2. O mundo até é bastante lógico. O problema é que não é inteiramente lógico. Chesterton dá um exemplo esclarecedor.
Imaginemos um habitante da Lua a olhar para o corpo humano. A primeira impressão que obterá é que o corpo humano é uma duplicação. Cada pessoa é dupla, sendo a parte direita muito semelhante à parte esquerda.
3. O habitante da Lua notará que existe um braço direito e um braço esquerdo, uma perna direita e uma perna esquerda, um olho direito e um olho esquerdo, uma narina direita e uma narina esquerda.
A lógica levá-lo-á a concluir, ao detectar que existe um coração voltado para um lado, que também existirá um coração voltado para o outro lado. E é aí, no momento em que a certeza parece maior, que o engano se revela total.
4. Isto significa que a lógica nunca pode distanciar-se da realidade. A lógica tem de seguir de perto a realidade. Esta, a realidade, é feita de muitas semelhanças, mas também é composta por muitas dissemelhanças.
Há momentos em que os elos se quebram. Há alturas em que as sequências se interrompem. Sem uma constante observação da realidade, podemo-nos tornar uma espécie de nefelibatas.
5. Apesar de poderosa, a lógica também falha. E é por isso que os muitos sábios — os que mais costumam manusear a lógica — também erram. Aliás, a história demonstra que os grandes sábios também incorrem em grandes erros.
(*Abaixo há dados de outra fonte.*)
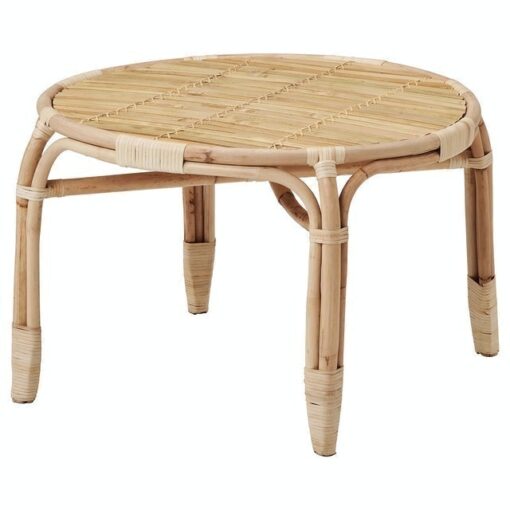 IKEA MASTHOLMEN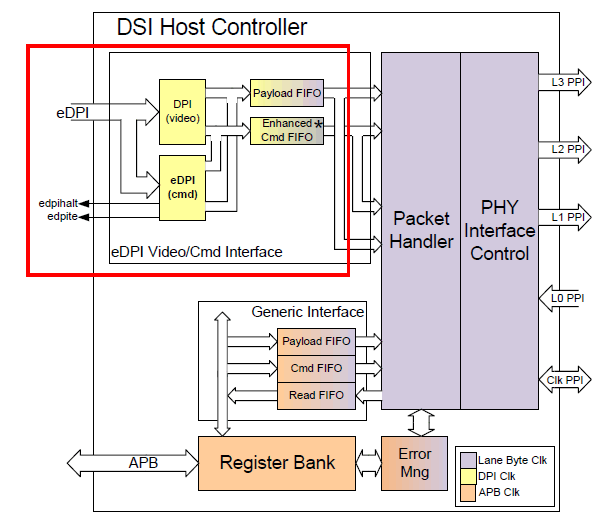 Introduction to MIPI DSI Host Controller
Porquê? Basicamente, porque dão mais atenção às constantes do que às variáveis. Porque presumem que aquilo que acontece é uma mera decorrência daquilo que já aconteceu.
6. E, no entanto, a experiência atesta que a lógica não é completamente sólida. Parafraseando Zygmunt Baumann, diria que a lógica também é bastante líquida. De há uns anos para cá, tudo parece instável, fragmentado, disperso e incerto. O mito do progresso irreversível parece cair e desmoronar-se à nossa frente.
De repente e como avisa Baumann, apercebemo-nos de que «vivemos numa espécie de irrealidade nos últimos trinta anos, pensando que o crescimento era ilimitado; agora estamos em choque porque verificamos que não é».
7. O nosso equívoco foi acharmos que os recursos eram inesgotáveis e com acesso garantido. Fizemos do dinheiro o instrumento básico e erigimos o consumo em valor supremo. A lógica parecia imbatível.
Só que começamos a notar que o dinheiro não dá para o consumo desejado e escasseia até para as necessidades mais elementares.
8. Continua a haver muito dinheiro nas mãos de poucos. Mas há cada vez menos dinheiro nas mãos de muitos.
Haverá alguma justiça no meio de tudo isto? E subsistirá alguma lógica?